Warsofsky made a couple of tweaks to his forward lines and defense pairs for Thursday’s practice, notably moving Philipp Kurashev to the second line with Alexander Wennberg and William Eklund, and dropping Adam Gaudette to the fourth line with Zack Ostapchuk and Barclay Goodrow.
Washington Capitals’ Alex Ovechkin (8) hugs Washington Capitals goaltender Charlie Lindgren (79) after their 7-1 win over the San Jose Sharks at the SAP Center in San Jose, Calif., on Wednesday, Dec. 3, 2025. (Nhat V. Meyer/Bay Area News Group)
In Thursday’s practice, the Sharks’ top two defense pairs were the same as Wednesday’s game, with Dmitry Orlov and Timothy Liljegren, and John Klingberg and Mario Ferraro, back together.
Warsofsky, though, cautioned not to read too much into the lines and defense pairs, saying there will be changes for Friday’s game.

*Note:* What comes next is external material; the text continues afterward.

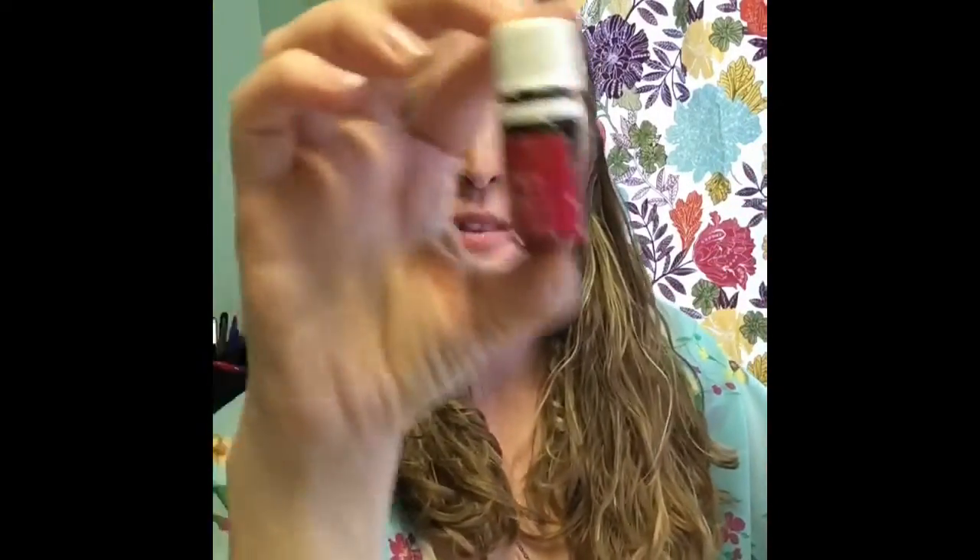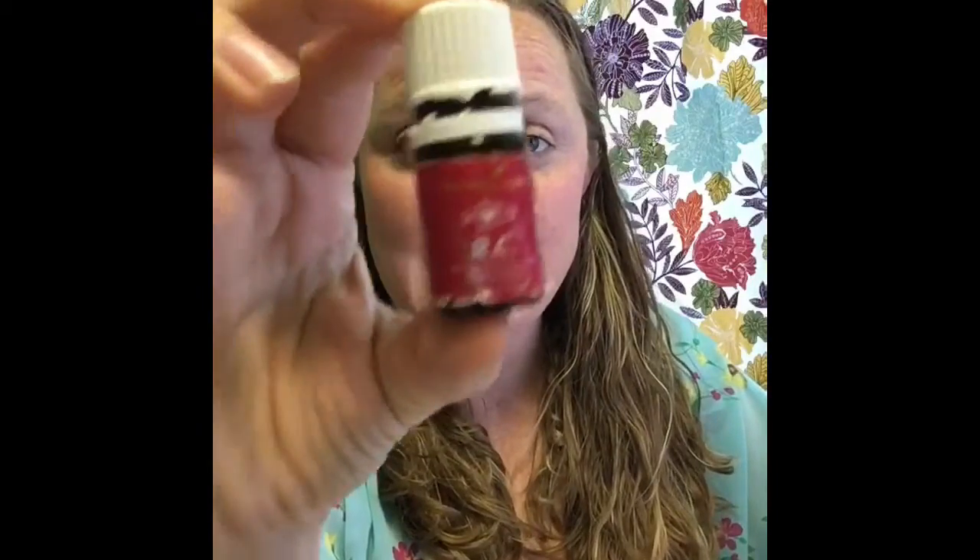One of my favorite things to do with this is when I am going to the YMCA to get on the treadmill, I actually have a diffuser bracelet — I don't have it on right now — but I put RC on the diffuser bracelet and I can inhale that RC before, during, and even after my workout. That energetic aroma helps me stay motivated and helps with my respiratory system to make it easier for me.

Asked if those changes could include scratching Klingberg, whose turnover on a first-period power play led to Brandon Duhaime’s shorthanded goal that gave the Capitals a 4-0 lead at the 17:07 mark, Warsofsky said a decision hasn’t been finalized.
Klingberg took a pass from Macklin Celebrini inside the Capitals’ blue line, and hesitated for a moment before Duhaime got on top of him and knocked the puck off his stick and into the neutral zone.

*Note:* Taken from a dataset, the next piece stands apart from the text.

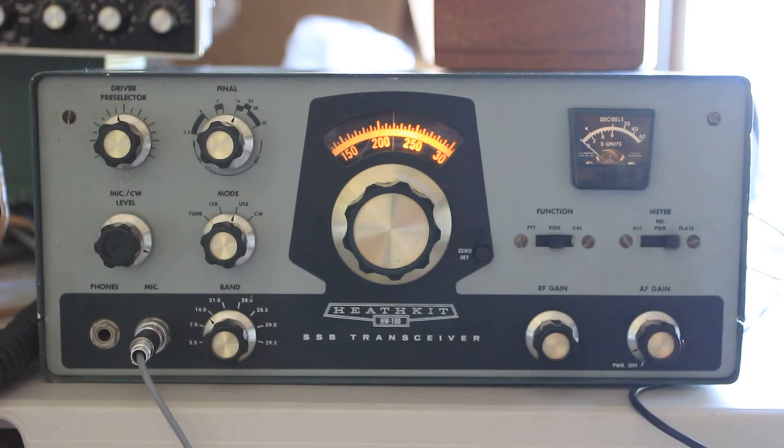This is KK6 Foxtrot Uniform Tango with another radio restoration project. I got this Heathkit HW100 from the local Boy Scout Council again — one of the radios I was restoring for them — and put it back into service.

There, Aliaksei Protas picked up the loose puck, skated into the Sharks zone, and fed a backwards pass past Klingberg onto the stick of Duhaime for an easy goal past Yaroslav Askarov.
Warsofsky called it a momentum-changing play, as the Sharks could have cut the Capitals’ lead to two going into the second period. Instead, the sequence was the death knell.
“That should never happen. That’s a bad mistake,” Klingberg said. “(Duhaime) was kind of right on me, so what I should have done is just put it right down the wall. But that’s not the first thing that you want to do on a power play, just throw a blind pass down the wall. You want to make a play with it. But I have to realize that I don’t have enough time and space.”
Following Thursday’s practice, Warsofsky spoke to the group at center ice – not barking, but mixing in a few expletives, nevertheless – about the expectations going forward.
San Jose Sharks head coach Ryan Warsofsky keeps an eye on the game against the Washington Capitals in the second period at the SAP Center in San Jose, Calif., on Wednesday, Dec. 3, 2025. (Nhat V. Meyer/Bay Area News Group)
After Friday’s game in Dallas, the Sharks’ five-game road trip continues with stops in Carolina, Philadelphia, Toronto, and Pittsburgh. The Sharks have worked hard to put themselves near the playoff cutline, but things can go off the rails quickly if their details are off like they were on Wednesday.
And practices like Thursdays are the result.
“I don’t think any of us wanted to really be here today, in a sense,” Warsofsky said. “We all wanted to get on the plane and get to Dallas. Trainers or equipment staff, that’s hard for them. But when you don’t compete, and we get shelled 7-1 at home, that’s not how this is going to work.”
SKINNER BACK
Winger Jeff Skinner, injured on Nov. 13 during a game against the Calgary Flames, is set to return to the Sharks lineup on Friday. Skinner, with seven points in 17 games this season, skated on a line with Ty Dellandrea and Collin Graf on Thursday.
Starting with that game in Calgary, a 2-0 Flames win, the Sharks have a 5-6-0 record.
“Look around the league, I don’t think more than a handful of teams are rattling off 10 in a row. That’s just the way it is,” Skinner said. “Obviously, (Thursday’s) game wasn’t what we wanted, but we’re not going to dwell on it.”
With Skinner returning, the Sharks, already at 23 players, assigned winger Pavol Regenda to the Barracuda. Regenda scored power play goals in each of his first two games as a Shark, including one Thursday at the 12:58 mark of the third period.
“Reggie was good,” Warsofsky said. “He scores two goals by going to the net. We need more of that.”